----- The data -----
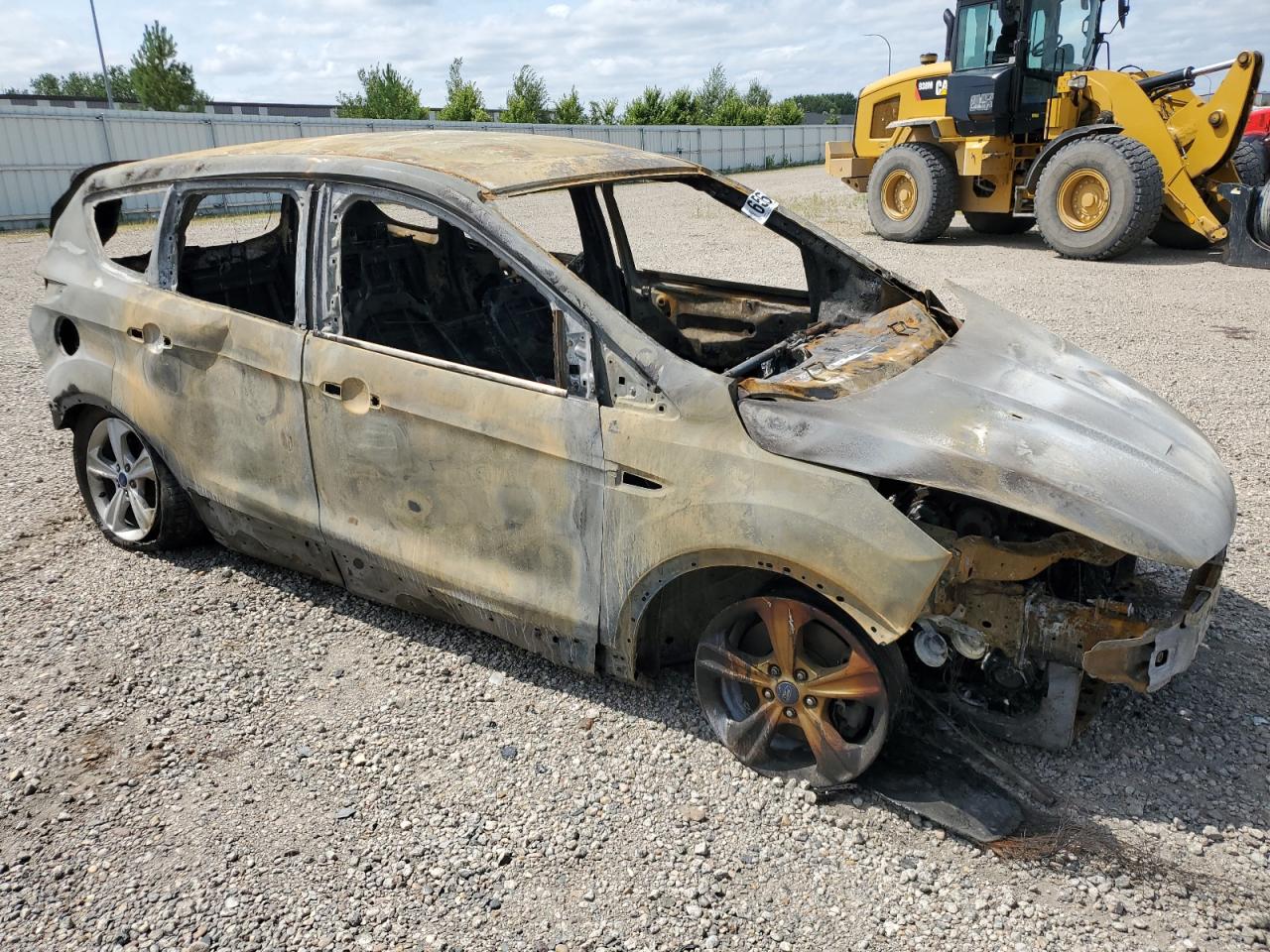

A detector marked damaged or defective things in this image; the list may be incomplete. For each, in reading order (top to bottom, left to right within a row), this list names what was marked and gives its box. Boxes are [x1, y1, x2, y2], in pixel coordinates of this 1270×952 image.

burned door [109, 178, 337, 581]
burned door [305, 186, 606, 669]
charred car body [30, 134, 1234, 791]
burned paint surface [27, 130, 1239, 767]
burned suv [35, 134, 1234, 791]
burnt hood [741, 287, 1234, 571]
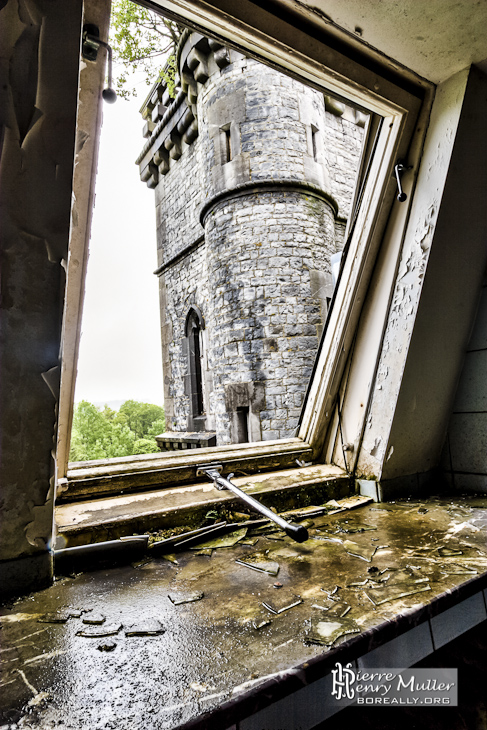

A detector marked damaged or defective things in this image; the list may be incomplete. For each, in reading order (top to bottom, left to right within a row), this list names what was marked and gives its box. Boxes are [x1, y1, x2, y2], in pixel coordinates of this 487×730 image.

peeling white paint frame [55, 0, 432, 494]
cracked interior wall [0, 0, 83, 592]
broken glass shard [192, 528, 248, 548]
broken glass shard [235, 552, 280, 576]
broken glass shard [366, 580, 430, 604]
broken glass shard [125, 616, 165, 636]
broken glass shard [308, 616, 362, 644]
-----
### Prompt:
Without changing a single word, set down all of the material again and leave out its pictures.

### Response:
A detector marked damaged or defective things in this image; the list may be incomplete. For each, in reading order (top to bottom, left to right within a row), this list names what was marked and gives its box. Boxes are [x1, y1, x2, y2], in pixel coordinates of this 1270×952 image.

burned door [109, 178, 337, 581]
burned door [305, 186, 606, 669]
charred car body [30, 134, 1234, 791]
burned paint surface [27, 130, 1239, 767]
burned suv [35, 134, 1234, 791]
burnt hood [741, 287, 1234, 571]

A detector marked damaged or defective things in this image; the list may be incomplete. For each, in reading order (top to bottom, left to right within a row), this list names what was marked and gives its box. Boxes are [x1, y1, x2, y2], in pixel coordinates of this 487×730 image.

peeling white paint frame [55, 0, 432, 494]
cracked interior wall [0, 0, 83, 592]
broken glass shard [192, 528, 248, 548]
broken glass shard [235, 552, 280, 576]
broken glass shard [366, 580, 430, 604]
broken glass shard [125, 616, 165, 636]
broken glass shard [308, 616, 362, 644]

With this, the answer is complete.